We have to note that the opposite of North is South not South-East or South-West or South-South. It signifies that despite the obvious advantages the constitutional duty of federal character bestows on the Southern part of Nigeria, in the issue of the President, come 2023, they can still miss it on the altar of disunity amongst them. The current President from the North is about to complete his second term and the post of the President has been agreed to rotate between North and South, after two terms. There are three Geo-Political Zones in Nigeria that have not produced a President since 1999. They are South-East, North-Central and North-East.
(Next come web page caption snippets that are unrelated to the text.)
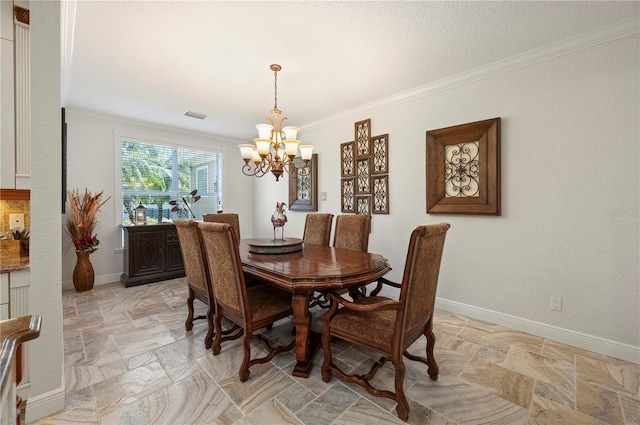 9990 SW Peace River St, Arcadia, FL 34269 - dining area featuring a chandelier, crown molding, and stone tile floors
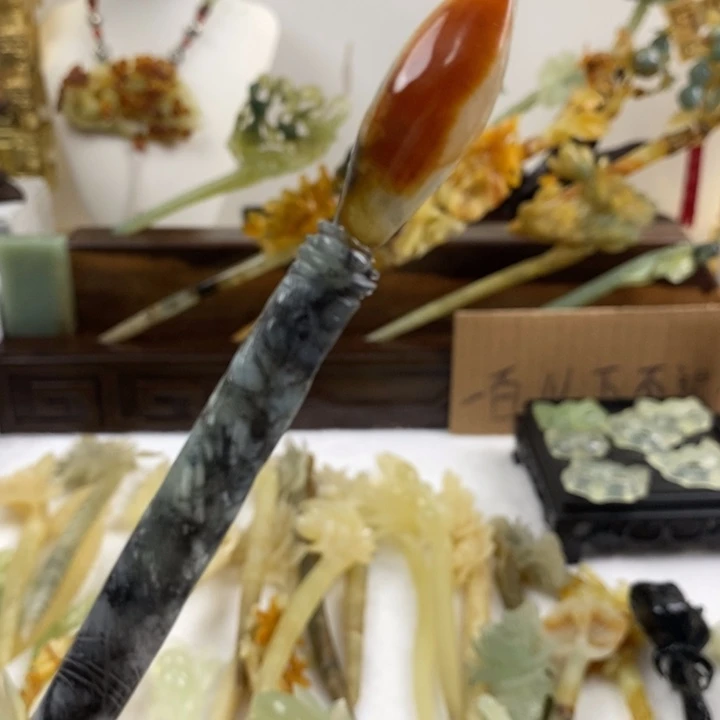 【闪购商品】蛇纹石玉合金发饰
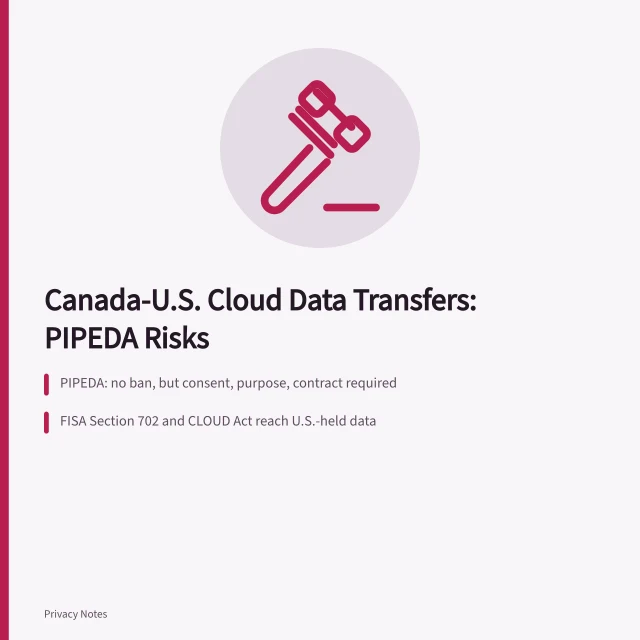 Padlock on laptop screen symbolizing cross-border cloud data privacy. Canada to U.S. cloud data transfers, PIPEDA and Schrems-style risks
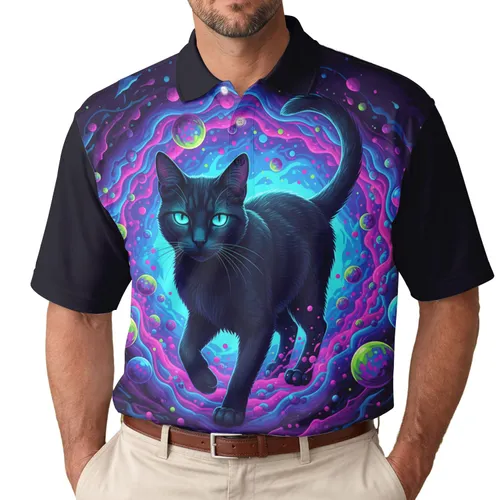 Mysterious Black Cat Glowing Aqua Eyes Cosmic Nebula Psychedelic Swirl - Fantasy Lover Gift Men's Polo Shirt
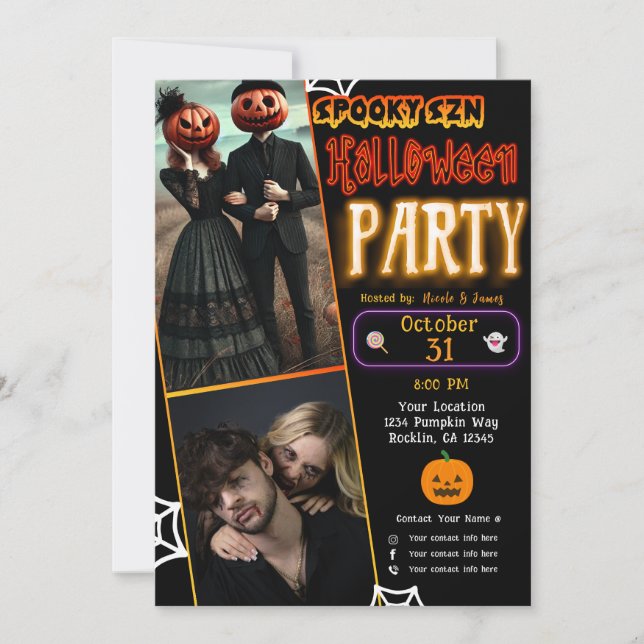 Spooky Szn Glow Halloween Trendy Photo Party Invitation (Front)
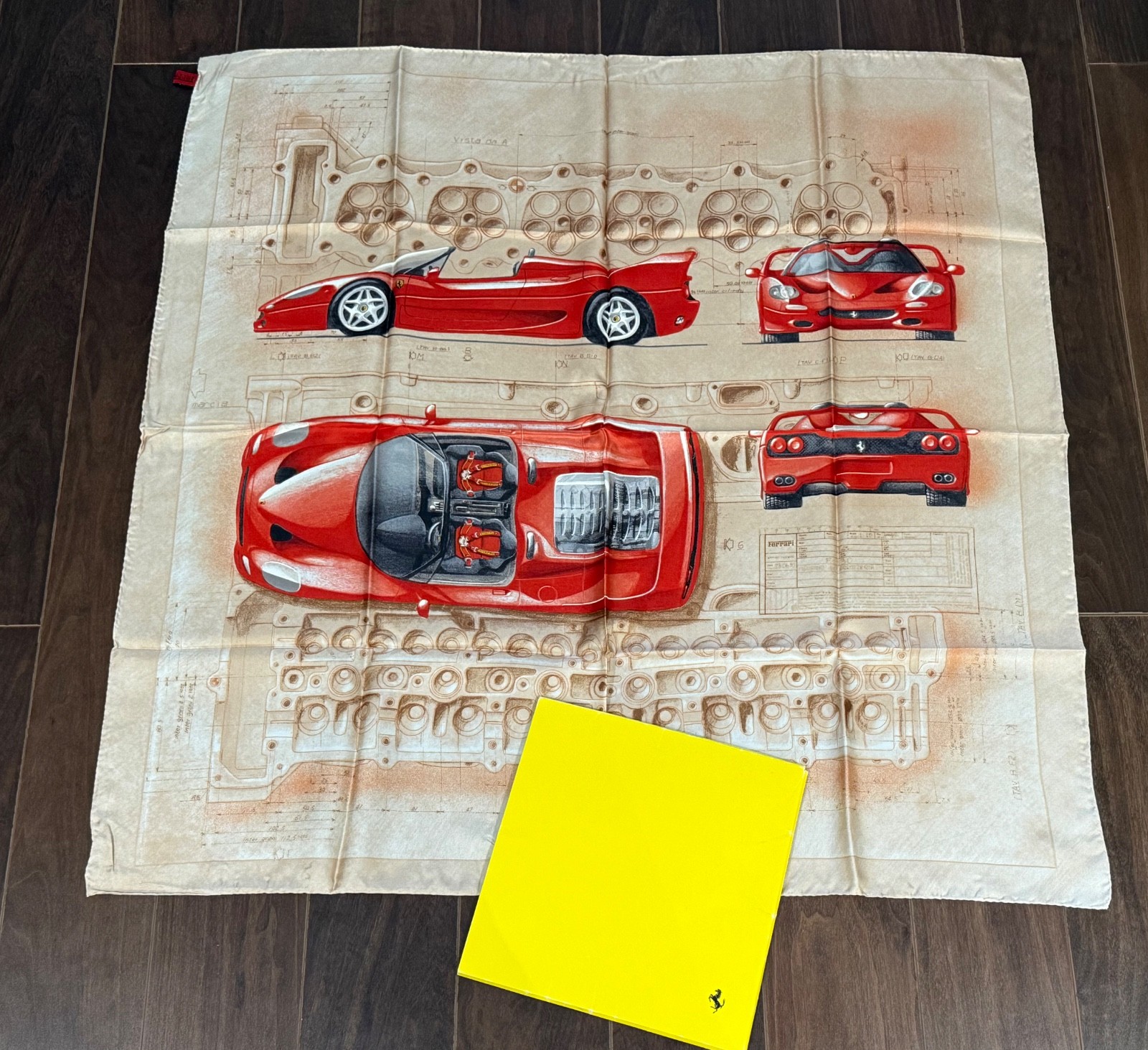 Genuine Ferrari F50 silk scarf unused original box dealer item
There are two Geo-Political Zones in Nigeria that have not produced even Vice-President since 1999. They are South-East and North-Central. There are two Geo-Political Zones that do not have representative Heads of State in the Council of State in Nigeria. They are South-East and North-East, while North-Central has three living Heads of State. In all the indices of measurement, South-East is completely marginalised and essentially unrepresented. If equity, justice and fairness is the consideration for the next President, South-East should be given automatic ticket.

Unfortunately, South-East cannot go it alone and indeed should not go it alone. Since 1999, South-East had supported a President from the South-West, North-West and South-South. Is it anything difficult for these Zones to reciprocate the love and dedication to Nigeria and its unity from the South-East? However, since it’s agreed that it’s the turn of the South, the prospect of a President from the South-East will depend on the cooperation of the South-West and South-South. How would a politician from the South-West convince politicians from the North-Central and the North-East that they should cede the post of the President to the South-West in the interest of equity when such a concession will make the South-West have two Presidents since 1999, when North-Central and North-East have not gotten any. How can a politician from the South-South convince politicians from North-Central and North-East to drop their presidential ambitions for them in the interest of justice when granting that request will convocate two Presidents on the South-South when they have none. What if these two Geo-Political Zones in the North remind South-West and South-South that he that must plead equity must first of all do equity? What if they insist that he that must come to equity must come with clean hands, what will be the response of these two Southern Geo-Political Zones? The truth is that if the post of the President is not zoned to South-East, the possibility of a northern candidate winning the post of the President in 2023 is still there because the principal basis for the rotation of the post of President based on equity and fairness would have been questionable. Equity demands that every section or Zone should be treated equally for equity means equality.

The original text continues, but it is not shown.